La domanda che incombe sull’iniziativa di Salvini riguarda, anche, il peso effettivo della sua alleanza in vista del voto
di maggio. È vero che le forze sovraniste sono in buona crescita, rispetto al voto del 2014, ma si parlerebbe comunque - ottimisticamente
- di un totale di 60-70 seggi su un’Eurocamera che ne conterà 705 o 751, a seconda che il Regno Unito finalizzi o meno il
processo di Brexit prima delle Europee a maggio 2019. Le ultimi proiezioni del Parlamento Ue hanno attribuito all’Europa delle nazioni e delle libertà, grosso modo coincidente con la platea di partiti corteggiati da Salvini, un totale di 61 seggi (27 solo quelli della Lega,
uno dei partiti più in crescita su scala continentale).

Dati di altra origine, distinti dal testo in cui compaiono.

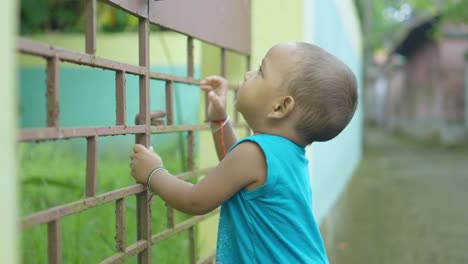 a child is having fun playing alone on the street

Aggiungendo i 13 seggi stimati per Alternative für Deutschland, oggi
appartenente all’Europa delle libertà e della democrazia diretta, si arriva a 74. Meno di un decimo del totale del Parlamento e, soprattutto, appena sopra i livelli del gruppo dei Conservatori e riformisti, la dimora europea della destra post fascista di Fratelli d’Italia: 53 seggi, senza considerare però un eventuale afflusso
di deputati conservatori britannici in caso di proroga estensiva della Brexit.

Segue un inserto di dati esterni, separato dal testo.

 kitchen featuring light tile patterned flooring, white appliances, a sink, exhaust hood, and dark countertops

Numeri a parte, c’è chi ha già messo in dubbio la tenuta di una «internazionale di nazionalisti», una contraddzione in termini che esprime il tentativo di europeizzare la destra radicale nella Ue. Un terreno di scontro abituale potrebbeessere la politica economica, dove la linea fra i vari partiti è influenzata (anche) dalla provenienza geografica. La tedesca Afd non hai nascosto, ad esempio,le sue insofferenze per «l’orrendo indebitamento italiano», arrivando all’attacco diretto nei confronti della Lega di Salvini. E anche nell’internazionale guidata da Salvini dovrebbero convivere partiti di ispirazione sociale e iperliberista, affezionati al welfare o inorriditi all’idea di una «invasione dello Stato» nella libertà di impresa. La contraddizione che ne emerge, però,potrebbe scalfire solo in minima parte la solidità del progetto.
Come spiega Manuela Caiani, professoressa al dipartimento di Scienze politiche e sociologia della Scuola normale superiore di Pisa, «la dimensione economica non è mai stata così determinante, nell’identità di queste forze - dice - Gli elementi caratterizzanti sono altri: nazionalismo, xenofobia, ostilità all’establishment e valori “conservatori”, ad esempio nella recente battaglia contro la presunta teoria del gender». Caiani intravvede semmai un certo potenziale, dettato da un fattore di dirompenza rispetto agli equilibri dell’Eurocamera: «Per la prima volta la destra radicale si unirebbe in unico partito europeo - spiega - Dandosi così una “casa” unica nella Ue. Se poi possa funzionare, lo capiremo a maggio».